Des Weiteren bestehen auch angesichts der Sicherheitslage in Nigeria keine grundsätzlichen Einwände gegen eine Rückkehr des Klägers. Abgesehen davon, dass das Schreiben des Klägerbevollmächtigten vom 18. September 2020 mit den Ausführungen aus dem Länderbericht der Konrad-Adenauer-Stiftung vom 21.2.2020 verspätet nach der gesetzten Frist gemäß § 87b Abs. 3 VwGO eingegangen ist und zudem weitere einschlägige Erkenntnisquellen jüngeren Datums zum Gegenstand des Verfahrens gemacht worden sind, ist nach Überzeugung des Gerichts den vorliegenden Erkenntnismittel nicht zu entnehmen, dass die angesprochene Bedrohungslage durch Terrorismus und Gewalt in Nigeria landesweit gleichermaßen herrscht. Vielmehr gibt es regionale und örtliche Unterschiede und infolgedessen zahlreiche Landesteile und Städte in Nigeria, in denen sich der Kläger gefahrlos niederlassen kann.
Letztlich ist nicht ersichtlich, dass sich der Kläger bei einer Abschiebung in einer extremen Situation befände, dass er im Falle einer Rückkehr nach Nigeria sehenden Auges mit dem sicheren Tod oder schwersten Verletzungen ausgeliefert wäre, wenn auch bei der Reintegration möglicherweise gewisse Anfangsschwierigkeiten zu überwinden sein mögen.

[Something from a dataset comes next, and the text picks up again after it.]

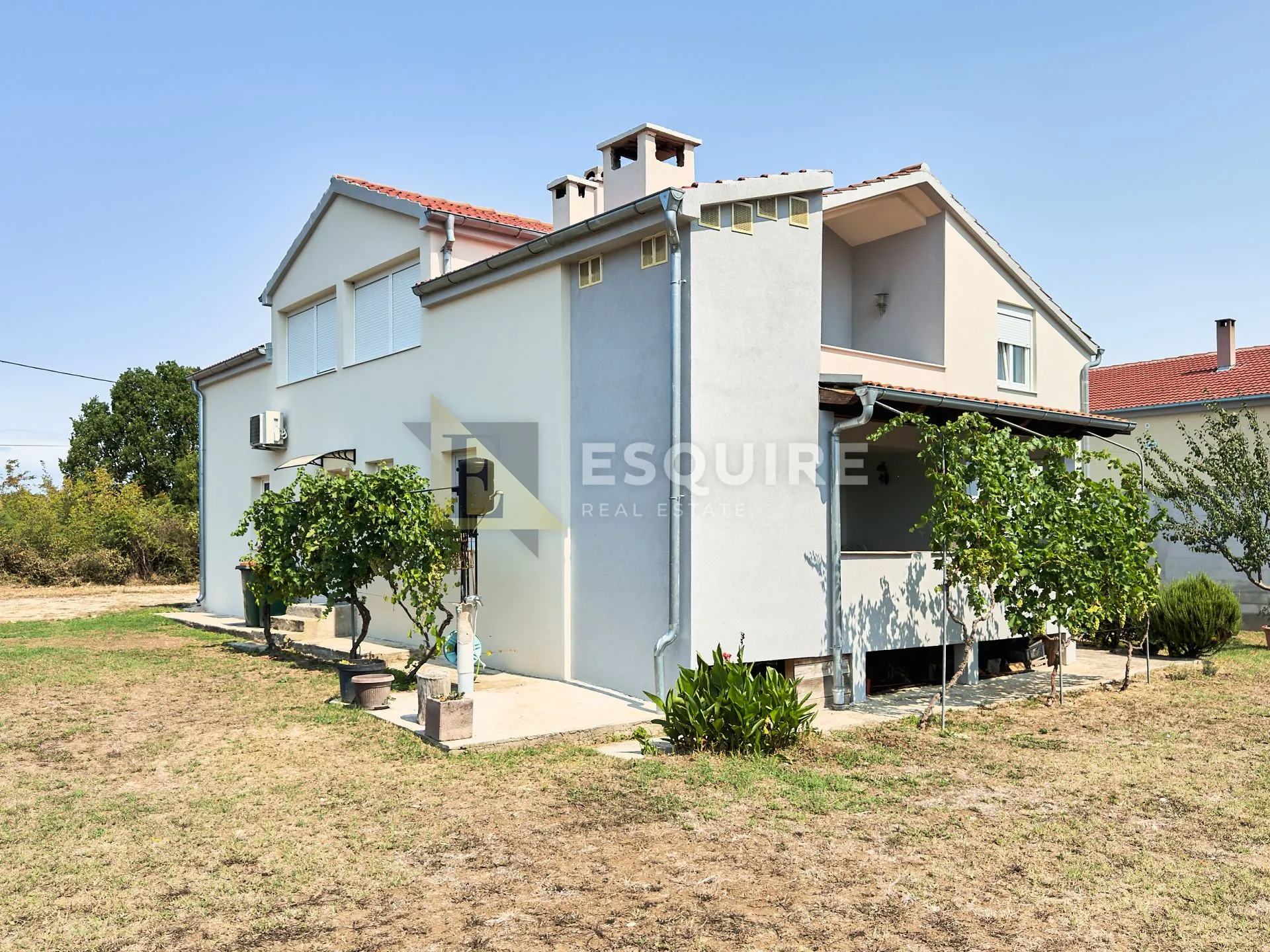 zemunik donji - samostojeća katnica s velikim dvorištem - 260m2 - slika 26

Des Weiteren ist auch in dem Zusammenhang nochmals darauf hinzuweisen, dass abgesehen von privaten Hilfemöglichkeiten und Hilfsorganisationen auch auf Rückkehr- und Starthilfen sowie auf Reintegrationsprogramme zurückgegriffen werden kann. So hat der Kläger die Option, seine finanzielle Situation in Nigeria aus eigener Kraft zu verbessern, um Startschwierigkeiten bei einer Rückkehr besser zu überbrücken. Gegen diese Möglichkeiten kann der Kläger nicht mit Erfolg einwenden, dass Start- bzw. und Reintegrationshilfen ganz oder teilweise nur für freiwillige Rückkehr, also teilweise nicht bei einer zwangsweisen Rückführung, erfolgen. Denn nach der Rechtsprechung des Bundesverwaltungsgerichts kann ein Asylbewerber, der durch eigenes zumutbares Verhalten – wie insbesondere durch freiwillige Rückkehr – im Zielstaat drohende Gefahren abwenden kann, nicht vom Bundesamt die Feststellung eines Abschiebungsverbotes verlangen (vgl. BVerwG, U.v. 15.4.1997 – 9 C 38.96 – BVerwGE 104, 265; VGH BW, U.v. 26.2.2014 – A 11 S 2519/12 – juris).
Ernstliche Zweifel ergeben sich nach den vorstehenden Ausführungen des Weiteren nicht mit Bezug auf § 60 Abs. 5 oder 7 Satz 1 AufenthG, auch nicht im Hinblick auf eventuelle gesundheitlichen Aspekte.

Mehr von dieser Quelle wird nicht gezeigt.